# Shell Method Vs Disk Method

When it comes to calculus, there are specific methods used to calculate areas and volumes of different shapes. The two most commonly used methods for finding volumes of three-dimensional shapes are the shell method and the disk method. Both methods have their advantages and disadvantages depending on the shape being analyzed. In this article, we will discuss the differences between the shell method and the disk method and their applications.

What is the Shell Method?

The shell method is a technique used to calculate the volume of a solid of revolution by integrating cylindrical shells. Solid of revolution refers to a three-dimensional shape obtained by rotating a two dimension shape around a central axis.

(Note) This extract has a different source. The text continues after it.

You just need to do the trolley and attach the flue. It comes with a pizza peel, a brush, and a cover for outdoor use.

The shell method is most commonly used to calculate the volume of a cylinder or a frustrum, a cone with the top cut off. The formula for the shell method is V=2π ∫ x( f(x)-g(x))dx, where V represents the volume of the solid, f(x) and g(x) are the two equations of the curves that enclose the solid, and x is the variable of integration. The integral is taken between the bounds of the solid.

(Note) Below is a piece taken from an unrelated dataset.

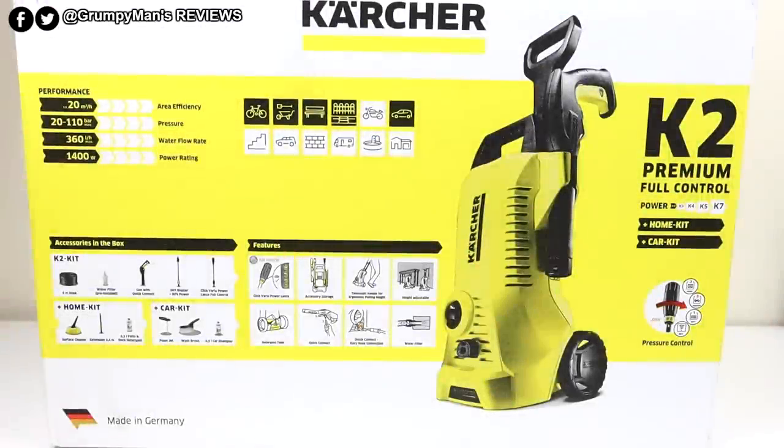Welcome to Grumpy Man's Reviews and welcome to the Kärcher K2 Premium Full Control Home Kit and Car Kit. I needed a pressure washer mainly for doing my cars, then found this on Amazon on a deal of the day — home kit and car kit. At the time of making this video in February it was on for £110, but that was only for 24 hours, so I acted really fast and purchased it. This is the K2 model, so it's the 1400 watt.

For a better understanding of the shell method, let’s take the example of finding the volume of a cylinder with radius r and height h, using the shell method.

First, we will slice the cylinder into small circular strips parallel to its base. When we place these strips at the top of each other, they form a cylindrical shell.

Next, we will calculate the volume of each cylindrical shell. The volume of one cylindrical shell can be calculated by multiplying its height, which is r, and its circumference, which is 2π. Therefore, the volume of one cylindrical shell will be 2πr.

Now, to calculate the volume of the entire cylinder, we will add up the volumes of all these cylindrical shells. The set of infinite shells will be 2πrh if the height of the cylinder is h.

What is the Disk Method?

The disk method is another method used to calculate the volume of a solid of revolution. This method involves slicing the solid into thin disk-shaped segments or slices, then adding up the volume of each slice. This method is most commonly used in calculating the volume of a sphere or a cone.

To understand the disk method, let’s take the example of finding the volume of a sphere with radius r.

First, we will slice the sphere into thin disks, parallel to its base. We begin by cutting the sphere in half, creating a cross-section. Next, we will slice the half-sphere into circular disks perpendicular to the base.

The volume of one disk can be calculated by multiplying the area of its base, which is πr², by its thickness, which is smaller than the radius. Hence, the volume of one disk is πr²x, where x is the thickness of the disk.

Now to get the volume of the whole sphere, the set of infinite disks, we will integrate the volume of one disk using the definite limits of the function, which will be written as V=π∫(R²-x²)dx.

The Difference between Shell Method and Disk Method

Even though both methods can be used to calculate the volume of a solid of revolution, there are significant differences between them.

In the shell method, the shape is divided into cylindrical shells that are integrated along the axis of rotation. As a result, this method works best when the axis of revolution is on the side of the shape. The shell method is also ideal when dealing with shapes that have difficult cross-sections, such as cut-out sections or asymmetrical shapes.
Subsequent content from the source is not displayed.